Task material below:

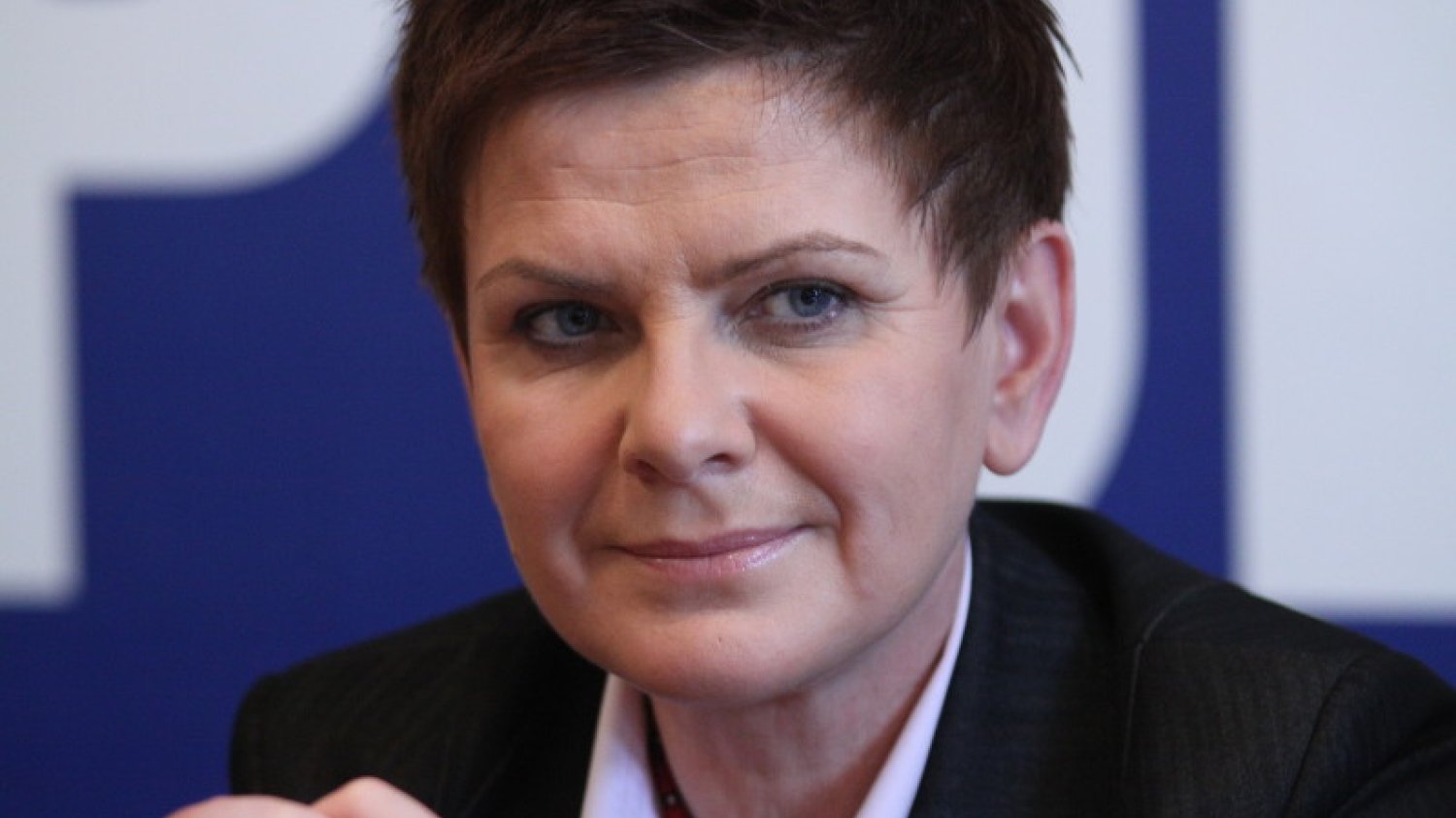 Jak widać, punkt widzenia zależy od punktu siedzenia. Nawet w tak kluczowej sprawie jak przyzwoitość.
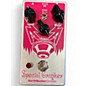 Used EarthQuaker Devices SPECIAL CRANKER Effect Pedal thumbnail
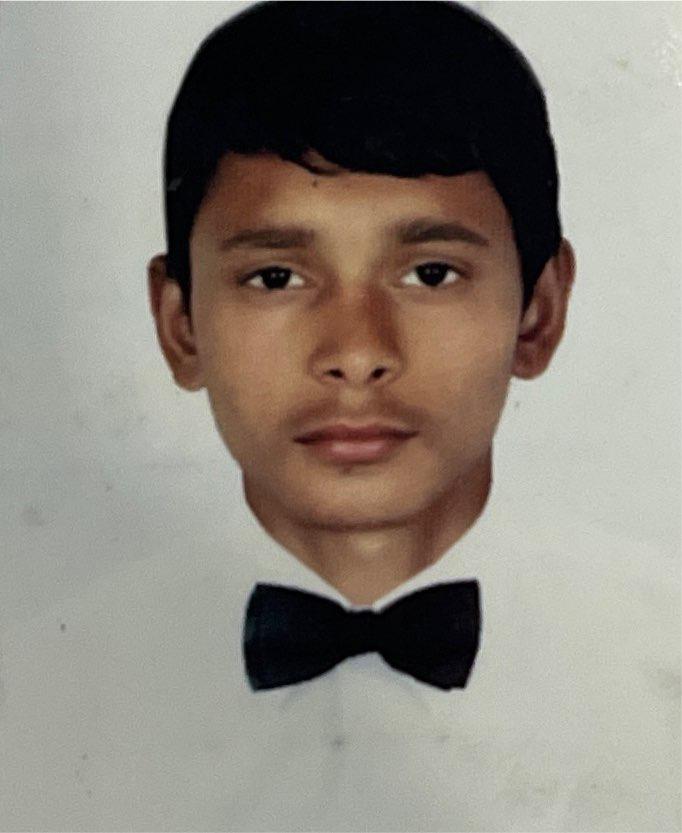Roshan Giri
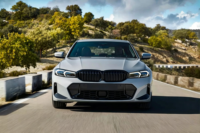 Phare pour BMW Série 3 2018 - 2022 Xénon HID LED, mise à niveau de voiture vers la version 330 M G28 2023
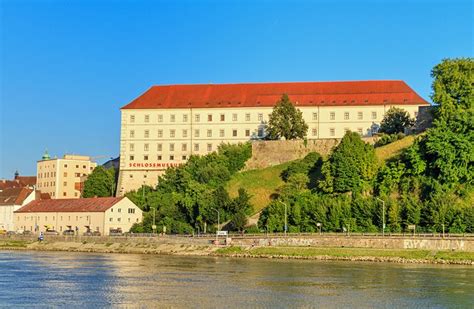 15 Top-Rated Attractions & Things to Do in Linz | PlanetWare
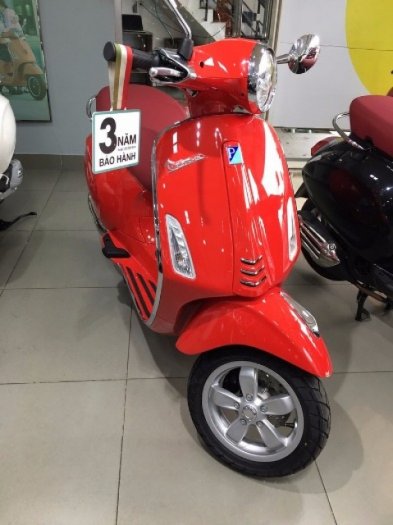 Primavera đỏ sành điệu giá tốt nhất
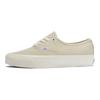 Vans Prémiové Autentické 44 Hradní Šedé Unisex Tenisky VN000CQA4A3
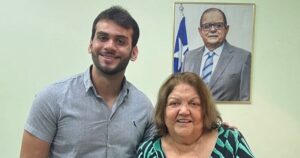 Dra. Cleide Coutinho sofre acidente e entra em período de repouso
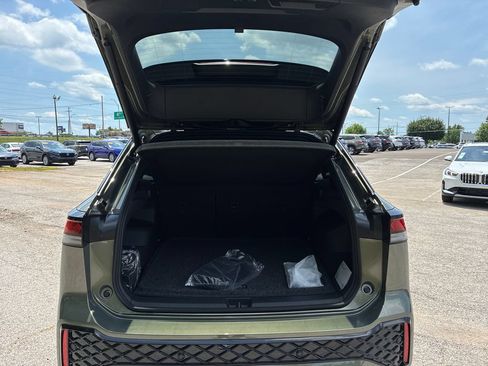 New 2026 Volkswagen Tiguan SE R-Line AWD/4WD image 20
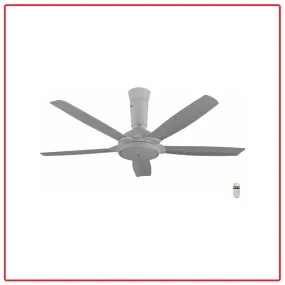 KDK K14YZ 140cm/56 Inch Z Series Ceiling Fan (Grey)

End of Task material.

**What you need to do**
Set down the data again, exactly, without images.

**Result of the exercise**
 Jak widać, punkt widzenia zależy od punktu siedzenia. Nawet w tak kluczowej sprawie jak przyzwoitość.
 Used EarthQuaker Devices SPECIAL CRANKER Effect Pedal thumbnail
Roshan Giri
 Phare pour BMW Série 3 2018 - 2022 Xénon HID LED, mise à niveau de voiture vers la version 330 M G28 2023
 15 Top-Rated Attractions & Things to Do in Linz | PlanetWare
 Primavera đỏ sành điệu giá tốt nhất
 Vans Prémiové Autentické 44 Hradní Šedé Unisex Tenisky VN000CQA4A3
 Dra. Cleide Coutinho sofre acidente e entra em período de repouso
 New 2026 Volkswagen Tiguan SE R-Line AWD/4WD image 20
 KDK K14YZ 140cm/56 Inch Z Series Ceiling Fan (Grey)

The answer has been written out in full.